What to produce: Please reproduce all of the data exactly as it appears, but skip the pictures.

Dataset content:

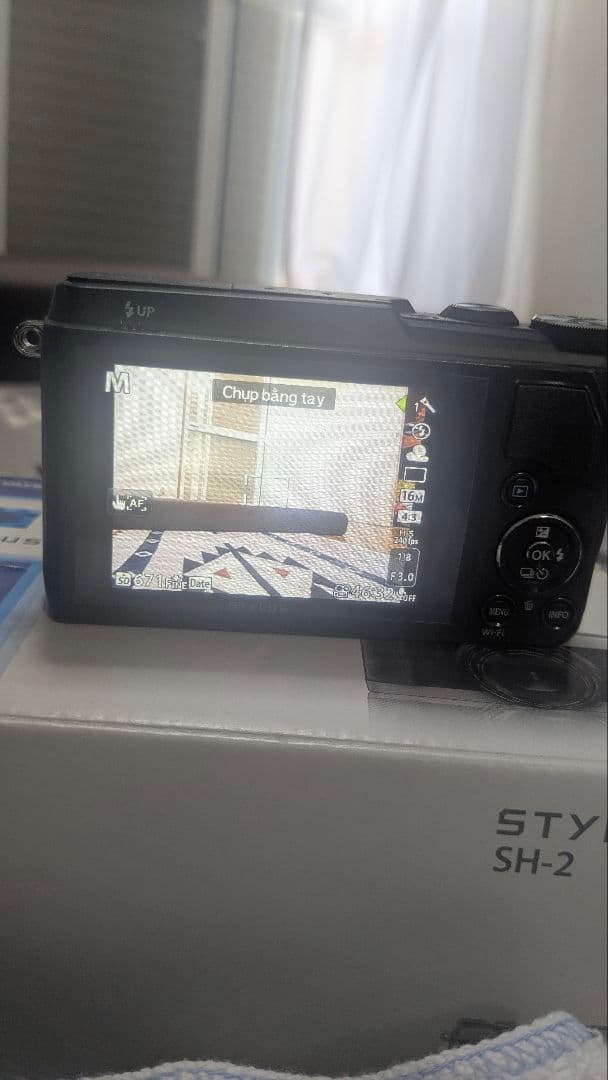 OLYMPUS STYLUS SH-2 コンパクトデジタルカメラ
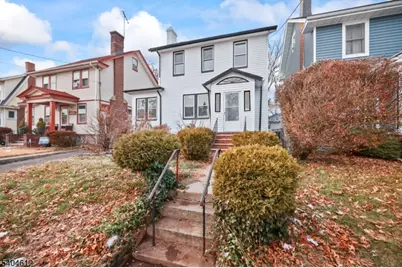 21 Eastern Pkwy, Newark, NJ 07106 - Photo 3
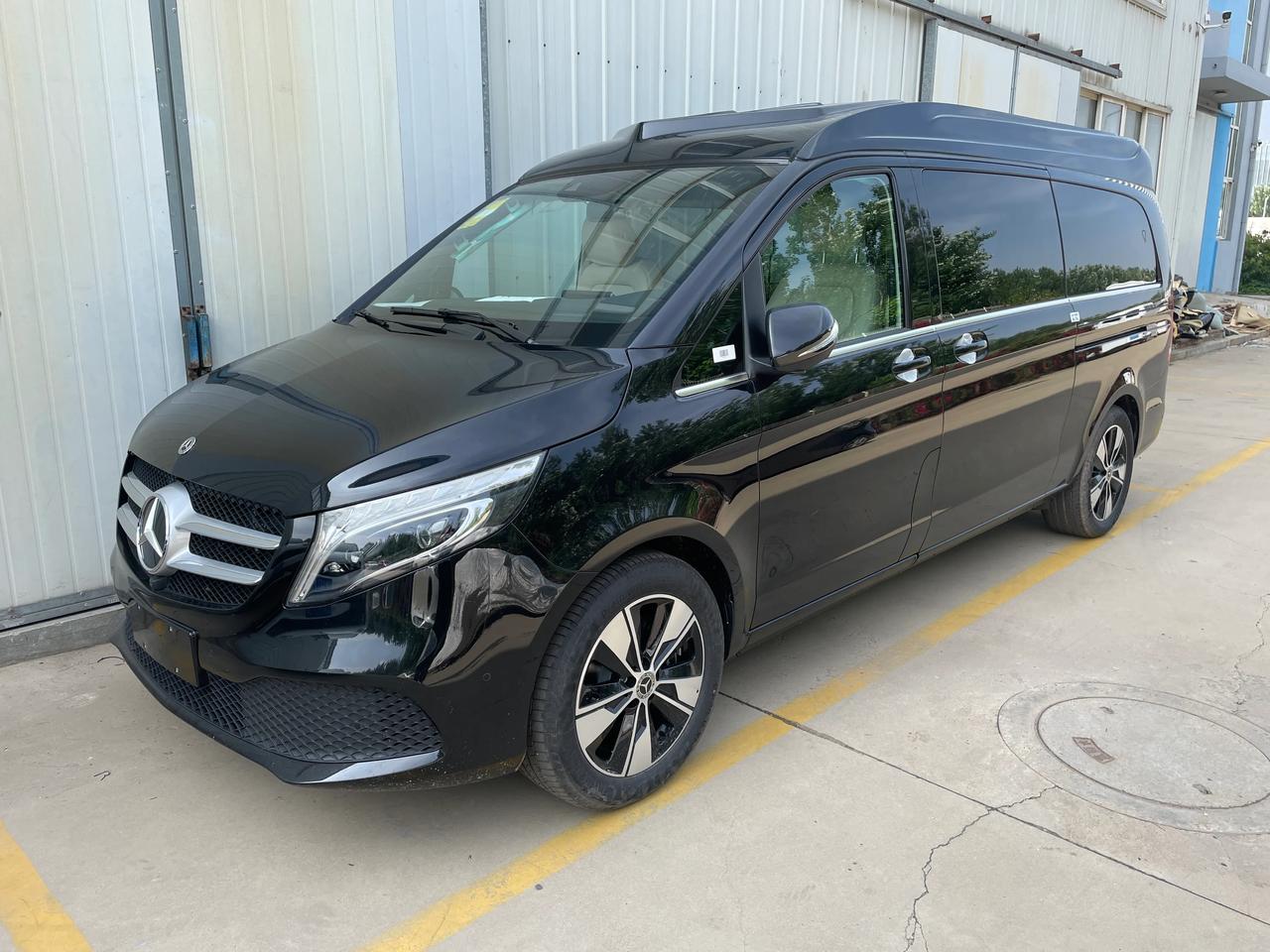 目前市场上相当抢手的2020款奔驰v260l 高顶配置的现车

Solution for this exercise:
 OLYMPUS STYLUS SH-2 コンパクトデジタルカメラ
 21 Eastern Pkwy, Newark, NJ 07106 - Photo 3
 目前市场上相当抢手的2020款奔驰v260l 高顶配置的现车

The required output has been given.